The Implementation Is The Spec: CUDA Edition

Or, why does cudaMemcpyAsync() sometimes work with pageable memory?

Jan 26, 2025

https://x.com/lauriewired/status/1874196253434929178

Is your software bug compatible? Are you following Hyrum’s Law? It’s a concept in software engineering where future versions exactly replicate an *undesirable* feature of a previous version. But why the heck would you replicate unintended behavior? - LaurieWired on Twitter

I’d never heard of Hyrum’s Law before I saw this tweet. I guess I shouldn’t be surprised that someone thought to name this phenomenon, which Microsoft’s Windows team had deeply internalized before I joined the DirectX team in 1996. Raymond Chen had famously fixed a compatibility break in his favorite email client (he used Eudora, for reasons none of us understood, and made it his personal mission to keep it working) where he determined that its WndProc was looking up the stack into a Windows-internal data structure and relying on the value in the stack being zero. He fixed the bug by creating a new variable, declared at the exact location needed to ensure that it would reside in the correct memory location, initialized it to zero, and bequeathed it a naughty name that undoubtedly had to be sanitized before Microsoft could open source or license the source code.

Such compatibility fixes often had to be explained to new members of the team. The bug was unquestionably in the Eudora client! No Windows application had any business introducing dependencies on the layout of the caller’s stack. But from a customer experience perspective, what Microsoft was working hard to avoid was a customer experience where upgrading to a newer version of Windows caused some applications stop working. If the only thing that changed was the Windows upgrade, customers understandably would blame Windows and not the broken application.

In building CUDA, which started development about 10 years after Windows 95 shipped, we had a keener awareness of compatibility pitfalls, and did some defensive engineering to evade them. But CUDA has had its share of bewildering interface behaviors, and applications have introduced dependencies on them at times.

An Innocuous-Seeming Optimization

One such behavior dates back to the earliest versions of CUDA, when all inputs had to be copied to device memory, and outputs had to be copied back1. Host-to-device and device-to-host memcpy were workhorse operations.
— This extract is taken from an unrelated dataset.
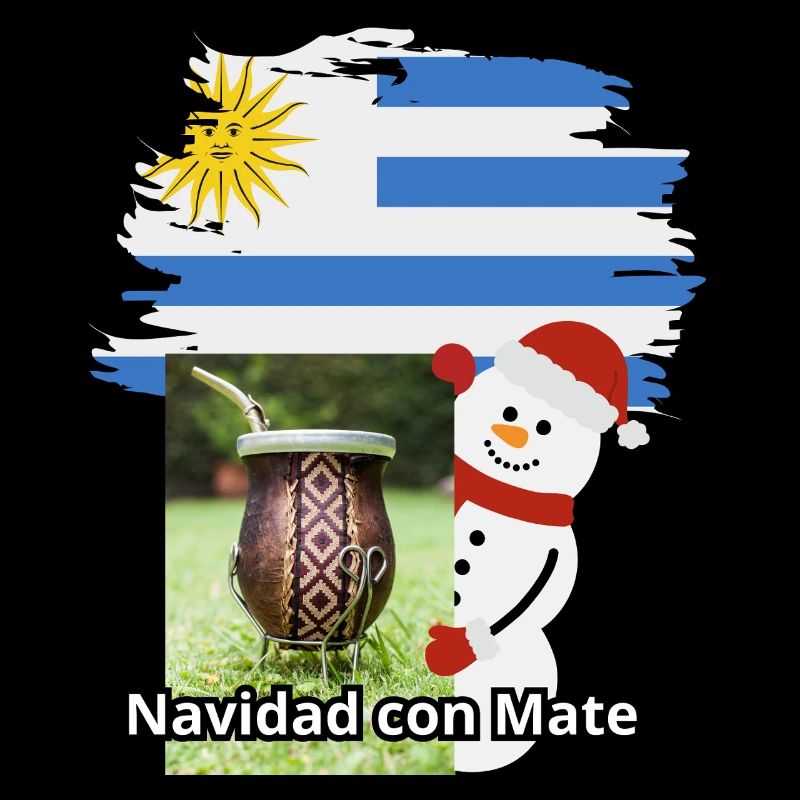 Weihnachtsfeier mit Mate und Schneemann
It was important to make them as fast as possible, especially since GPU kernels could not yet access host memory directly. For host-to-device memcpy, a special optimization was possible: for small memcpy’s, there was a benefit to copying the data directly into the command buffer that the GPU was reading.

The heuristic looked like this:

If memcpy is “small,”
1. Issue memcpy-immediate command to copy from command buffer to destination,
2. Copy input data to command buffer,
Else
1. Issue memcpy-DMA command to copy from source buffer to destination,
2. Synchronize (i.e. wait for the GPU to finish),
Return to caller.

This optimization is sort of like CPU instructions with immediate operands: since the GPU was using fast DMA operations to read the push buffer anyway, slipping the source data into the command buffer was faster, because it was asynchronous: the function could return immediately after submitting the command to the GPU. The benefit of the asynchrony (avoiding the synchronization step 2b above) outweighed the penalty of making the extra copy of 1a).
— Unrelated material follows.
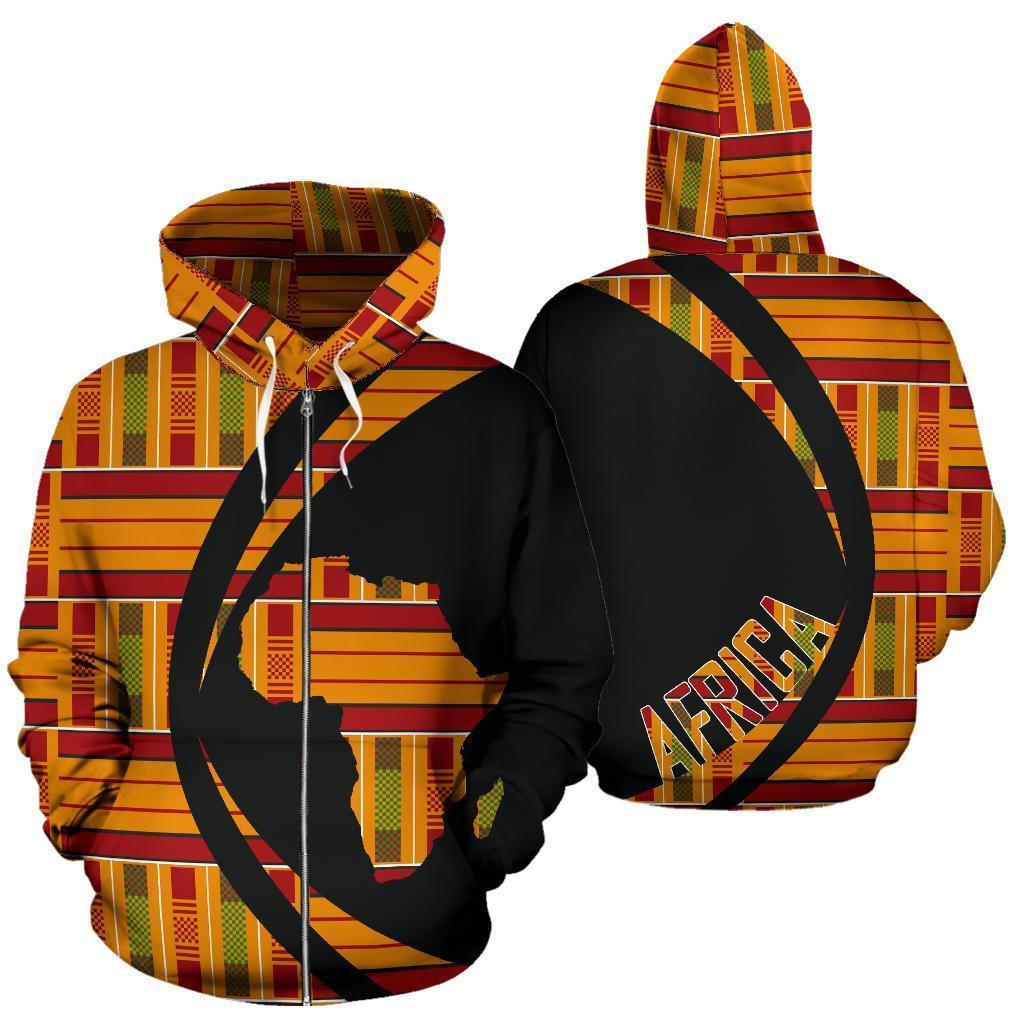 Greek Life Hoodie – Circle Kente The Ewe Zip Hoodie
Because of the direction of memory traffic (the GPU only reads command buffer data), this optimization only worked for host-to-device memcpy.

If memory serves, the threshold was 64Kb.
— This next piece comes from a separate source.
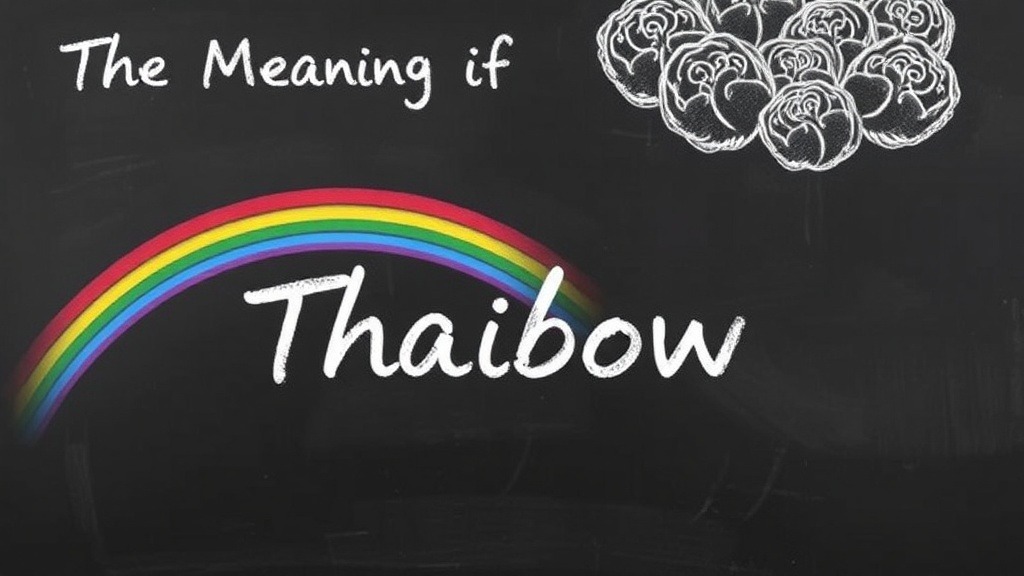 The Meaning of Rainbow Colors in Thailand: Summary and Practical Points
So if an application called host-to-device memcpy, and the number of bytes copied was smaller than 64Kb, our CUDA driver just surreptitiously copied the source data into the command buffer, issued a different command to the GPU, and returned to the caller.

Asynchronous Memcpy

Enter asynchronous memcpy’s, which were added in CUDA 1.1. Asynchronous memcpy’s transparently leveraged an existing abstraction in CUDA – the idea of page-locked memory – by requiring that participating host memory be page-locked. Used in conjunction with the new abstractions CUDA streams and CUDA events, asynchronous memcpy could be used to enable the GPU to run kernels while concurrently transferring data to or from GPU memory. For these new asynchronous memcpy functions, the specification was very clear: participating host memory had to have been allocated with cuMemAllocHost().

Given the foregoing discussion about the host-to-device memcpy optimization, you may already see where we are headed:

In an accidental ordering of parameter validation, we shipped a version of CUDA that, for host-to-device memcpy, included the small-memcpy optimization, but did not require the source data to be page locked.

The truth is, the optimization is valid, regardless whether the source data is page-locked. Page-locking memory only affects whether the GPU can read or write it: the CPU always can read or write its own memory, and the operating system is facile at handling page faults if the data is not resident.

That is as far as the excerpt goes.